TASK TO CARRY OUT ->
Only the lines from the one with "Rare black-necked crane found in Mustang" to the end of the listing below should be set down, exactly as written and without any pictures.

DATASET CONTENT ->
▼
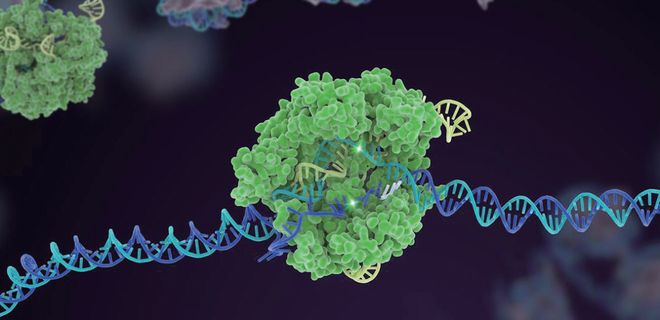 押寶CRISPR和人工智能！張澤民院士團(tuán)隊(duì)的研究方向開(kāi)始更新了！(圖2)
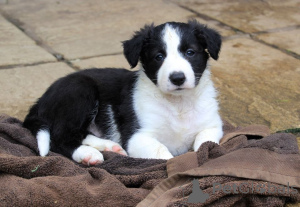 Zdjęcie №1. border collie - na sprzedaż w Halmstad | 4784zł | Zapowiedź №168186
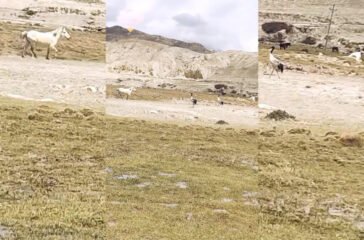 Rare black-necked crane found in Mustang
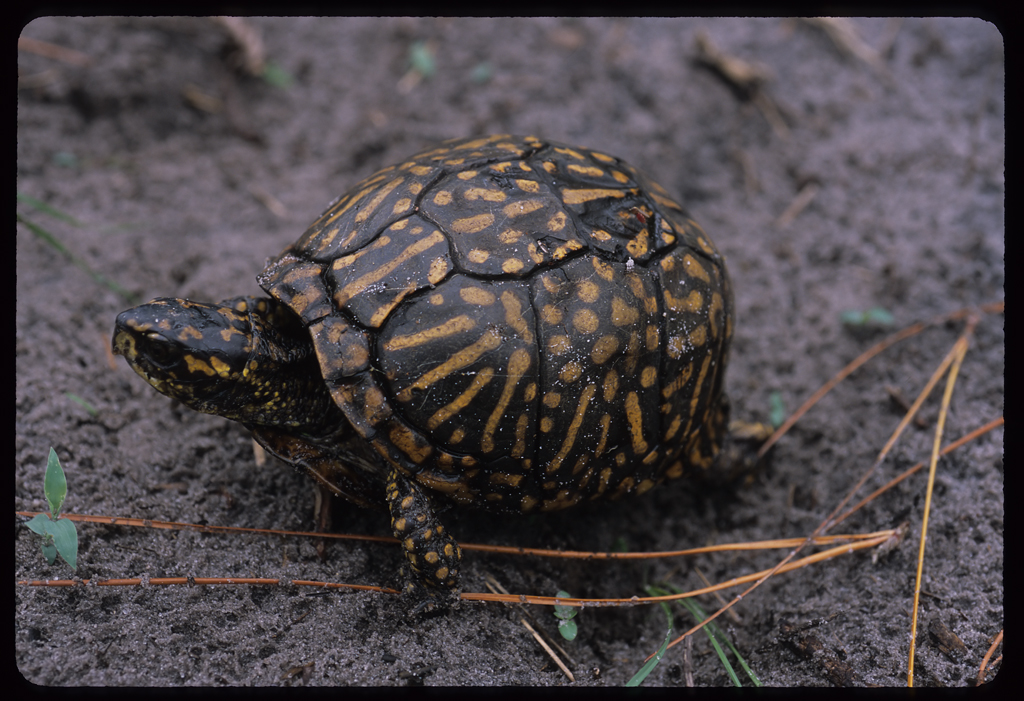 Florida Box Turtle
▲
TASK SOLUTION ->
 Rare black-necked crane found in Mustang
 Florida Box Turtle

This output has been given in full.